For small businesses and freelancers, successfully performing work for customers and clients is only half the battle. Oftentimes, businesses wait up to 90 days to receive payment for their outstanding invoices. This delayed cash flow can create a variety of problems, especially when it comes to covering overhead expenses like rent and payroll.
That’s why Eyal Shinar developed the Fundbox software service, to help small businesses fix their cash flow problems as it relates to outstanding invoices. Fundbox is the leading cash flow optimization platform for small businesses, and who better to start a fintech company focused on this problem than someone who learned it at his mother’s knee? Shinar’s mother was a small business owner, so growing up he saw the pain and frustration that delayed payment of invoices can cause. According to a recent report, 82 percent of small businesses fail due to poor cash management. Where some see problems, others see solutions, and that’s where Fundbox comes in.
The process is straightforward. Business owners simply connect their existing accounting software to Fundbox and submit their outstanding invoices for immediate reimbursement. The business owner incurs a small fee for this service and they are given up to 24 weeks to pay Fundbox back.
For banks looking to offer new or better services to small business clients and freelancers, though, is Fundbox a good partner? Let’s look a little closer.
Small business accounts are a much coveted group for banks, so providing new tools to improve service and/or relationships with this group should be of interest area to most any financial institution. The fact that Fundbox already has some traction in the small business space should be a good indicator for banks that the service they provide—instant cash flow—is a needed service for this group.
Once a small business owner submits an invoice to the Fundbox platform, they are typically paid within one to two days. Fundbox connects easily with most existing accounting platforms that small businesses are already using, such as QuickBooks, Freshbooks, Xero, Wave and Sage One, so there is very little to do in terms of importing data. Fundbox connects with a few simple clicks and pulls any outstanding invoices that business owners might want to turn into cash. Also, when the user signs up for their account, Fundbox uses big data and algorithms to quickly determine the consumer’s financial health rather than putting them through a lengthy application and approval processes.

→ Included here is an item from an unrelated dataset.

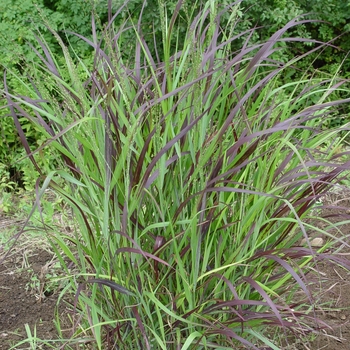 Panicum virgatum ''Shenandoah'' (Switch Grass) - Shenandoah Switch Grass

The pricing model is simple and transparent. For an invoice of $1,000, the fee is $48 per week over 24 weeks, or $89 per week over 12 weeks. Fees are reduced if the business pays back what it owes prior to the deadline, which is a good incentive to keep Fundbox’s own cash flow looking good, although they have no shortage of funding—another point that might give banks some comfort in partnering with the company.
While the Fundbox fee structure is quite straightforward and transparent, it’s also relatively expensive and can really add up over time, especially for businesses that regularly choose the 24-month financing option. After you do the math, the annual percentage rate for Fundbox repayments can range anywhere from 13 percent to 68 percent. Fundbox also places a $100,000 limit on invoices that it will fund, so it isn’t an option for companies seeking to turn accounts receivable for amounts larger than that into cash.

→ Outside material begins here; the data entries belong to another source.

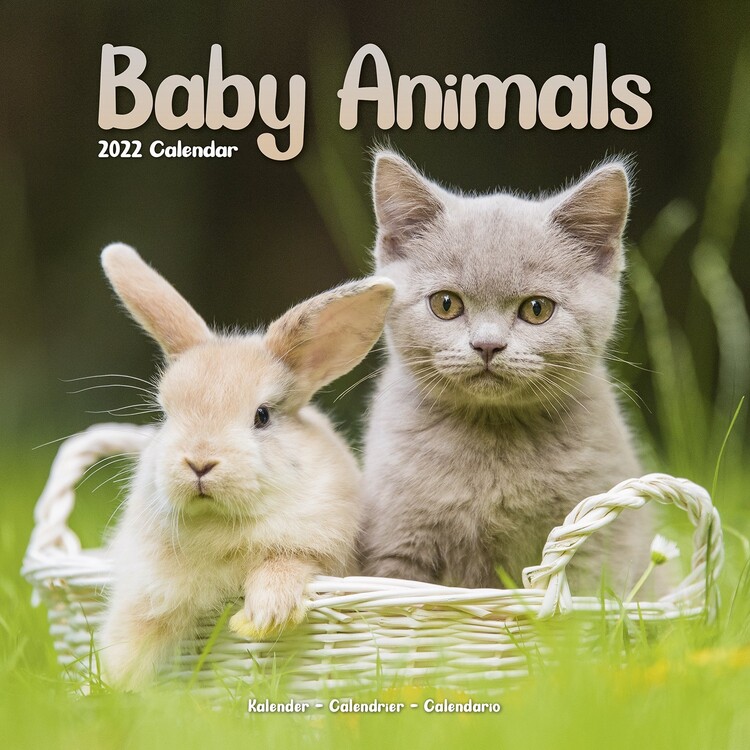 Calendário 2027 Baby Animals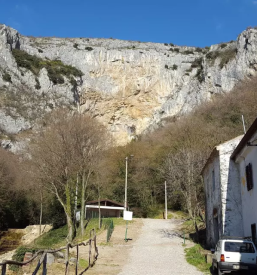 Jedi po narocilu in ribje jedi Sežana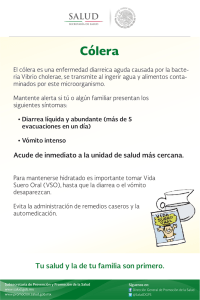 C lera cartel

While Fundbox is compatible with most of the common accounting software mentioned earlier, small businesses that use less common accounting packages or Excel spreadsheets can’t utilize its service. Other drawbacks are that Fundbox doesn’t provide cash for past-due invoices, and the approval process for credit limit increases can take some time. So while the service is helpful in many use cases, it certainly doesn’t match every situation. Finally, Fundbox is rolling out additional credit products as well, which could increase its presence as a possible competitor in the banking space.
OUR VERDICT: FOE
Fundbox offers an important service to small businesses and entrepreneurs, and does so more conveniently than most banks do today. At a time when so much emphasis is being placed on the customer experience, banks should be taking notice of this heavily-funded bank alternative. If an entrepreneur has outstanding invoices and needs cash to keep the lights on, their only option with traditional banks is to apply for a small business loan, or to go to their credit card company, which charges even higher rates than Fundbox. Furthermore, between the application process, credit checks and agreeing upon collateral, it can be weeks or months before businesses see a penny of the cash they need. For this reason, I applaud what Fundbox is doing, and I think it is certainly a —friend’ to many entrepreneurs in their times of need.

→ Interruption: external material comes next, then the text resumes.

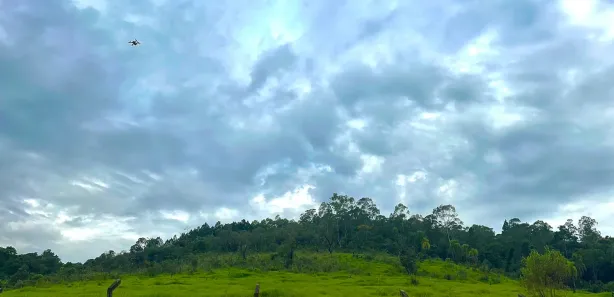 Fazenda / Sítio / Chácara à venda, 1000m² no Saboó, São Roque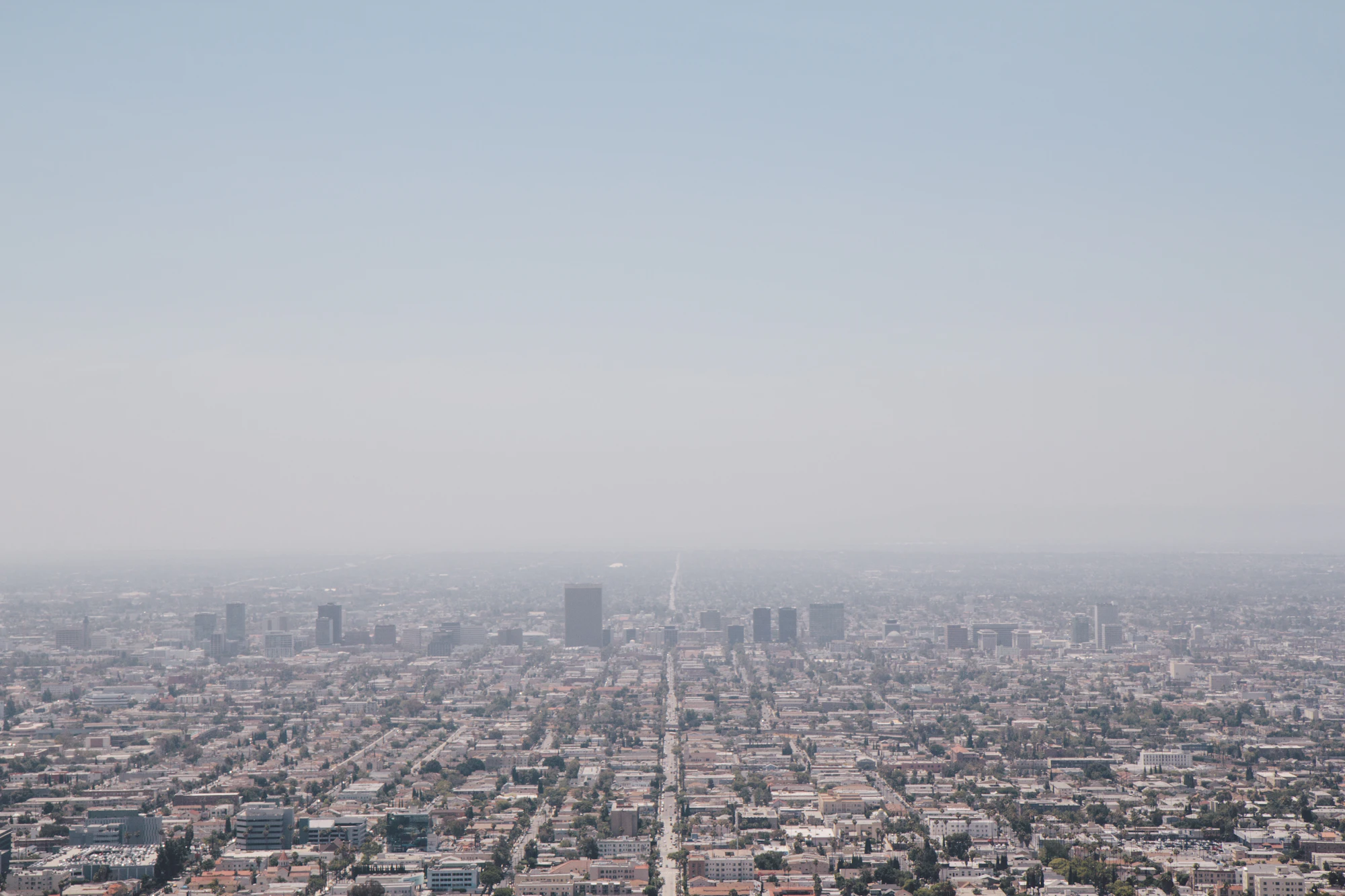 Los Angeles landscape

As Fundbox encourages more and more small business owners to come to them for cash, though, this obviously chips away from the bank’s importance and its relationship with their small business clients—a relationship they certainly don’t want to lose. And to date, Fundbox cannot boast of any existing bank partnerships or list banks as an area of interest. Of course, if this was to change, we might reconsider our foe designation.
In the meantime, banks would be wise to understand why entrepreneurs are using services like Fundbox, and how they might better address this particular need, whether it’s partnering with fintech companies, investing in new solutions or building them internally. In short, business owners have enough things to worry about, and getting paid on time doesn’t have to be one of them. Who can blame small business owners for looking outside their banking relationship for help?